Governor Brown reverses decision to parole Santa Rosa killer

Gov. Jerry Brown has reversed a state parole board decision to release Santa Rosa killer Roger Lee Hill from prison.

The governor concluded that 33 years after Hill sneaked into a westside mobile home before dawn, frightened a woman and took a knife to her husband when he came to her aid, the inmate remains a threat to the public.

"It is apparent that Mr. Hill underestimates his propensity for reacting to situations with extreme rage," Brown wrote in his June 7 reversal of the Board of Parole Hearings decision to grant Hill parole.
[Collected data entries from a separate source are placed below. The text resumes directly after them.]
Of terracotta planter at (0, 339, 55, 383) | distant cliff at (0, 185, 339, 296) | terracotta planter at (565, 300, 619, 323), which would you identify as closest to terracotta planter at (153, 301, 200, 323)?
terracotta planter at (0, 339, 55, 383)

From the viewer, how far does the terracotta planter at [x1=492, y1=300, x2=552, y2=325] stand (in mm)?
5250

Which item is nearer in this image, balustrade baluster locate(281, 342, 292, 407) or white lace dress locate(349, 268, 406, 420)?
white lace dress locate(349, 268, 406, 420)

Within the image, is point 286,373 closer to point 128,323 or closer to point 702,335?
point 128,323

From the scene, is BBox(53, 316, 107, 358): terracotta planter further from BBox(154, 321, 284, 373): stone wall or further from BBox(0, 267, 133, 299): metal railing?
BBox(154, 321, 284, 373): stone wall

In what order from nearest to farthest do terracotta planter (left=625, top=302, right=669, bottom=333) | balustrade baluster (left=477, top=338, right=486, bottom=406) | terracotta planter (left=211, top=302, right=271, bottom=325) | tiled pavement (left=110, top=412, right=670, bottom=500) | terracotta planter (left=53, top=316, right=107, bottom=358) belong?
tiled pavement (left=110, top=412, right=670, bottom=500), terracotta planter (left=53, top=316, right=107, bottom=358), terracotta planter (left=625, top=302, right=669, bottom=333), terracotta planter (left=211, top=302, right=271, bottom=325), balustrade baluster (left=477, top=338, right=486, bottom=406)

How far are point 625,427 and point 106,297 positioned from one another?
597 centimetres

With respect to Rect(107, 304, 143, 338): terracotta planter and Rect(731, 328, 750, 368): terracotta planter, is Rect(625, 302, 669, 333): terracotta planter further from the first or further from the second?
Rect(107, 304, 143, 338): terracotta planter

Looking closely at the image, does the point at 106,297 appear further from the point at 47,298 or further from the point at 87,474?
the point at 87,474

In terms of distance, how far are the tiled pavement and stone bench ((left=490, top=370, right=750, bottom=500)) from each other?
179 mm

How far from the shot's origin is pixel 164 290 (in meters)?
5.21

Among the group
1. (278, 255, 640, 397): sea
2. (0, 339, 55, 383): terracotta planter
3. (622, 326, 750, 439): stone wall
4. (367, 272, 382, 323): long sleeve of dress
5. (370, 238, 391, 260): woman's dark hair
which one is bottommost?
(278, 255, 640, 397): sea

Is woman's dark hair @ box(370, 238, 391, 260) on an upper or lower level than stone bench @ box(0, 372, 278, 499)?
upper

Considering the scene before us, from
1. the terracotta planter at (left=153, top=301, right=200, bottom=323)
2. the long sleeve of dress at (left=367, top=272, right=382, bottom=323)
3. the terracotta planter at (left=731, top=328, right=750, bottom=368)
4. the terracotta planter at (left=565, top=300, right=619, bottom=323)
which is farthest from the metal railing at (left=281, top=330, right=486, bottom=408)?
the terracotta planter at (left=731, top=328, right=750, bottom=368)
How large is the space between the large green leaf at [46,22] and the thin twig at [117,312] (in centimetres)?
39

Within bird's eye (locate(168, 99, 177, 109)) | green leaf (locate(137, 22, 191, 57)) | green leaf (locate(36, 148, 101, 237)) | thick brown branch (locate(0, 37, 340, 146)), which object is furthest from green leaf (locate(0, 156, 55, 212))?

Brown found that the Santa Rosa native has not adequately confronted the extreme violence he exhibited in the killing of Ralph Currier, who was stabbed 17 times, and in an earlier assault on a woman whom he beat in her car at Guerneville Road and Highway 116.
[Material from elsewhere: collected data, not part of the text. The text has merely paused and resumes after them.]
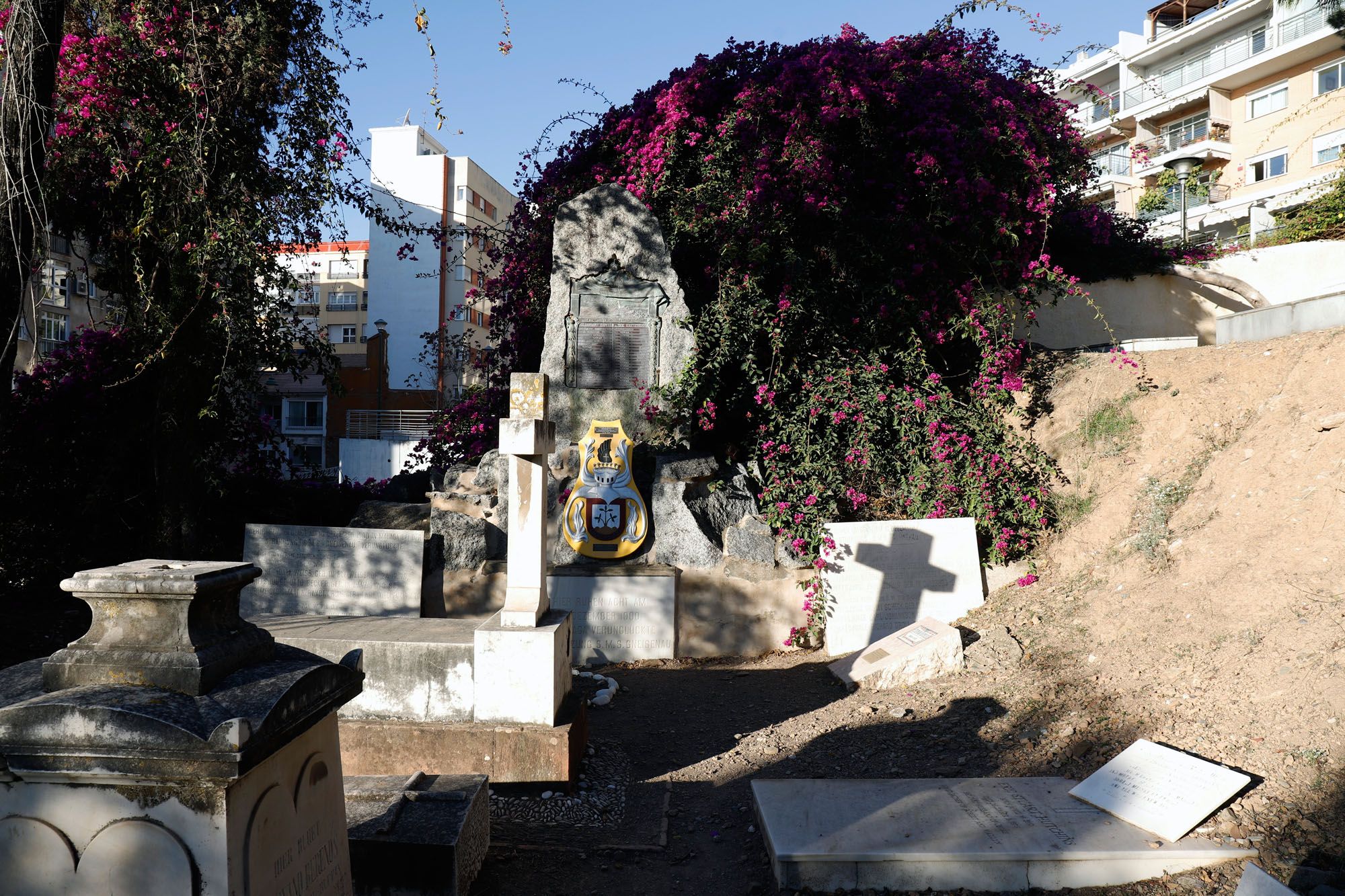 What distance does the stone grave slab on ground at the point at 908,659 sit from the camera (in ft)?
20.6

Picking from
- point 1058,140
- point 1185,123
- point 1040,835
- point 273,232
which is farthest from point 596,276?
point 1185,123

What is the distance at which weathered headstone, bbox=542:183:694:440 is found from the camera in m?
8.80

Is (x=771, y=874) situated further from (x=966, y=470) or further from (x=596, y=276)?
(x=596, y=276)

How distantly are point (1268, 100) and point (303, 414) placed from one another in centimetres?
3009

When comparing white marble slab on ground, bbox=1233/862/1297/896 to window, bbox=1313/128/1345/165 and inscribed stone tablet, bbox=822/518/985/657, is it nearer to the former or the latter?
inscribed stone tablet, bbox=822/518/985/657

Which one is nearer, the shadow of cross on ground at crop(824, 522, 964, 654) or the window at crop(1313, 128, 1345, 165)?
the shadow of cross on ground at crop(824, 522, 964, 654)

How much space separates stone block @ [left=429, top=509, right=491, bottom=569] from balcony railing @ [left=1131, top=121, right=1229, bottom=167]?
81.0 ft

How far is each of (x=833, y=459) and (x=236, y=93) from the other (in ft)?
20.4

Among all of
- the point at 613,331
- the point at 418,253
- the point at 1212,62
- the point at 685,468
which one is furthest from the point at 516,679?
the point at 1212,62

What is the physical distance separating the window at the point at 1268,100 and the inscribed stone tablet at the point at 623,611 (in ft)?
86.6

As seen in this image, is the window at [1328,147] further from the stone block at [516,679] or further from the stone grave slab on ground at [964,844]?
the stone block at [516,679]

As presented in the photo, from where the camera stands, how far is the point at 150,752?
194cm

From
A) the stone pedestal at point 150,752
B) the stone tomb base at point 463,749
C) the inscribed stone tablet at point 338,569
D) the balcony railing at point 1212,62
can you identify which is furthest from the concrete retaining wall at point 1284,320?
the balcony railing at point 1212,62

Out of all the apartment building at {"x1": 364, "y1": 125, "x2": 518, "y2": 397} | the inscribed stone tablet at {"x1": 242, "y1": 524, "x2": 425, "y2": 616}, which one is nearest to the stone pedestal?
the inscribed stone tablet at {"x1": 242, "y1": 524, "x2": 425, "y2": 616}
"Until he has sufficiently explored and worked through all this, I am concerned he will act out violently again if he encounters a stressful situation," the governor wrote.

Hill was a 23-year-old thief well known to Sonoma County law enforcement officers when he slipped into the residence of glass installer Currier, 47, and his wife, Gail, early the morning of Nov. 23, 1980.

Gail Currier arose, saw Hill in the living room and screamed. When her husband rushed out from the bedroom, Hill pulled a knife and stabbed him in the abdomen and back until he collapsed.

Arrested following a tip to authorities, Hill was convicted in a Sonoma County court of first-degree murder and sentenced to 26 years to life in prison. Now 56, he has spent most of the past three decades at the state prison in Vacaville.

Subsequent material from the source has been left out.